OS = macOS Catalina (10.15.7)
Unitex version = 3.1 / 3.2
Language = French
Text = 80jours.txt (default)
Processing = 80jours.snt (default)
Locate pattern > Regular expression: <<^[[:lower:]]+$>>
Morphological filter ‘^[[:lLoOwWeErR:]]+$’ : Syntax error : Unknown character class name
Cannot compile filter(s)

Locate pattern > Regular expression: <<^[[:lower:]]+$>>_f_
Morphological filter ‘^[[:lower:]]+$’ : Syntax error : Unknown character class name
Cannot compile filter(s)


I thank you in advance for your reply and help.

KR,
Anaïs Tack

Cristian Martinez

unread,
Oct 19, 2020, 1:57:03 PM10/19/20
to Unitex-GramLab
Hi Anaïs,

Note that by default, morphological filters are case insensitive. Thus, the filter <<^[[:lower:]]+$>> will be internally converted to <<^[[:lLoOwWeErR:]]+$>>, such expression contains, as expected, an  unknown character class: lLoOwWeErR

To force the matcher to respect the case, thus to interpret the right class, you must  append _f_ to your filter, i.e: <V><<^[[:lower:]]+$>>_f_

I just checked this expression (with versions 3.1, 3.2 and with the upcoming 4.0-alpha) and it works without any issue:

lowercaseverbs-regex.png

If you still having issues with the filter <V><<^[[:lower:]]+$>>_f_, I suggest to create a .ulp log file as is described in the User's Manual, section 13, and share with us the last log file (unitex_log_0000000X.ulp) that is created after clicking the button "Search". To produce a smaller log, please check that no morphological dictionaries are activated (Info > Preferences > Morphological-mode dictionaries must be empty)

Finally, if you are later going to develop a graph to find all verbs in lowercase, you may want to use the following alternative:

lowercase-verbs.png

I hope this will helpful for you.

Best regards,

--
Cristian Martinez

Anaïs Tack

unread,
Oct 19, 2020, 2:42:07 PM10/19/20
to Unitex-GramLab, Cristian Martinez
Dear Cristian,

Thank you for your prompt reply.

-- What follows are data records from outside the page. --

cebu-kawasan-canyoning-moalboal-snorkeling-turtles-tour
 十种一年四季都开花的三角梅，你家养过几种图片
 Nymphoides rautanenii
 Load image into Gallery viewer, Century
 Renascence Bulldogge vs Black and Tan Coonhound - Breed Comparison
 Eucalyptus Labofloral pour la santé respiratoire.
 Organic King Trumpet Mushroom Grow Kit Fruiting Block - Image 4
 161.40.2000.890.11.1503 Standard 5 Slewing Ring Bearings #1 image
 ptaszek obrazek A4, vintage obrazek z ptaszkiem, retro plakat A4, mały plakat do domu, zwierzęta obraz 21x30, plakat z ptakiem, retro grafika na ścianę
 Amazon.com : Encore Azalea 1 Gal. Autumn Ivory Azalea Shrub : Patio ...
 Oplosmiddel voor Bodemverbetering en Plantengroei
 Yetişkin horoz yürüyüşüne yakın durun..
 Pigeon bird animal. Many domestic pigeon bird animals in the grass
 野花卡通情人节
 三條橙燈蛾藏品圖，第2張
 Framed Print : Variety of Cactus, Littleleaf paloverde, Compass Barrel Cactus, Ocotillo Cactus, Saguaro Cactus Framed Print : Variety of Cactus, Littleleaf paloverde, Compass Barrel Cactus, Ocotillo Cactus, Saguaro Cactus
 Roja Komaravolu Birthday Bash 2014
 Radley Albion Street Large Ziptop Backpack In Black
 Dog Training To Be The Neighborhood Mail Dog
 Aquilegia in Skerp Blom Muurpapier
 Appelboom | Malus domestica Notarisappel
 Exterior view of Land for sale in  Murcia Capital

As I expected, it should be possible to use [:lower:] in Unitex.

I followed the instructions to create a log and added the last log file in attachment. I guess I will have to dig further to understand what caused the error on my machine. Maybe something related to issues in macOS Catalina?

Thank you as well for your suggestion. I will definitely try the alternative in FSGraph mode. Very helpful.

Best,

Anaïs Tack
Le 19 oct. 2020 à 19:58 +0200, Cristian Martinez <cristian...@univ-paris-est.fr>, a écrit :
Hi Anaïs,

Note that by default, morphological filters are case insensitive. Thus, the filter <<^[[:lower:]]+$>> will be internally converted to <<^[[:lLoOwWeErR:]]+$>>, such expression contains, as expected, an  unknown character class: lLoOwWeErR

To force the matcher to respect the case, thus to interpret the right class, you must  append _f_ to your filter, i.e: <V><<^[[:lower:]]+$>>_f_

I just checked this expression (with versions 3.1, 3.2 and with the upcoming 4.0-alpha) and it works without any issue:

<lowercaseverbs-regex.png>

If you still having issues with the filter <V><<^[[:lower:]]+$>>_f_, I suggest to create a .ulp log file as is described in the User's Manual, section 13, and share with us the last log file (unitex_log_0000000X.ulp) that is created after clicking the button "Search". To produce a smaller log, please check that no morphological dictionaries are activated (Info > Preferences > Morphological-mode dictionaries must be empty)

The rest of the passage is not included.